Strong Scaling and Amdahl's Law
Strong scaling is a measure of how, for a fixed overall problem size, the time to solution decreases as more processors are added to a system. An application that exhibits linear strong scaling has a speedup equal to the number of processors used.
Strong scaling is usually equated with Amdahl's Law, which specifies the maximum speedup that can be expected by parallelizing portions of a serial program. Essentially, it states that the maximum speedup S of a program is:
$$S=\frac{1}{(1−P)+P/N}$$
Here P is the fraction of the total serial execution time taken by the portion of code that can be parallelized and N is the number of processors over which the parallel portion of the code runs.

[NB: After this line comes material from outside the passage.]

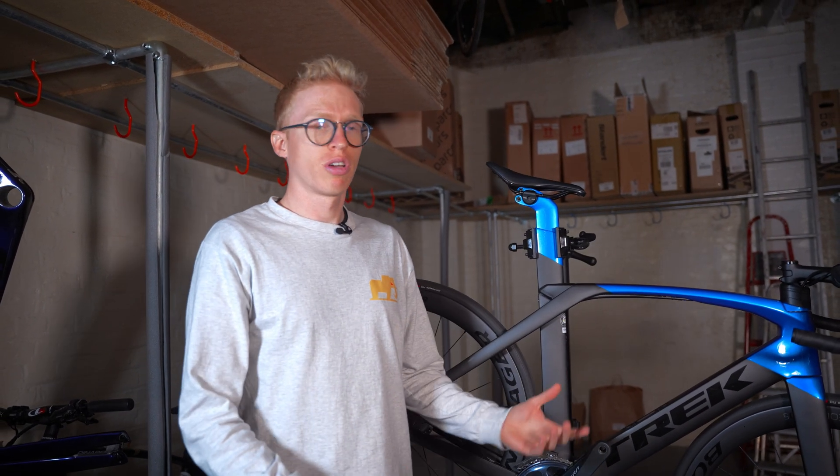Trek has ironed out some of the creases from this model to the newer model. Some things like: on this model you get these little paint chips from the fork swinging around and going past the knock block — they've got rid of that now. They have also got rid of the IsoSpeed system because it does carry a bearing which adds a little bit of weight to the bike. But again, this is an aero race bike — you're on the flats, going fast, and it just holds its speed beautifully.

In reality, most applications do not exhibit perfectly linear strong scaling, even if they do exhibit some degree of strong scaling. For most purposes, the key point is that the larger the parallelizable portion P is, the greater the potential speedup. Conversely, if P is a small number (meaning that the application is not substantially parallelizable), increasing the number of processors N does little to improve performance. Therefore, to get the largest speedup for a fixed problem size, it is worthwhile to spend effort on increasing P, maximizing the amount of code that can be parallelized.
Weak Scaling and Gustafson's Law
Weak scaling is a measure of how the time to solution changes as more processors are added to a system with a fixed problem size per processor; i.e., where the overall problem size increases as the number of processors is increased.
Weak scaling is often equated with Gustafson's Law, which states that in practice, the problem size scales with the number of processors. Because of this, the maximum speedup S of a program is:
$$S=(1-P)+NP$$
Here P is the fraction of the total serial execution time taken by the portion of code that can be parallelized and N is the number of processors over which the parallel portion of the code runs.
the scaled speedup is calculated based on the amount of work done for a scaled problem size (in contrast to Amdahl’s law which focuses on fixed problem size). Or say, it is not the problem size that remains constant as we scale up the system but rather the execution time.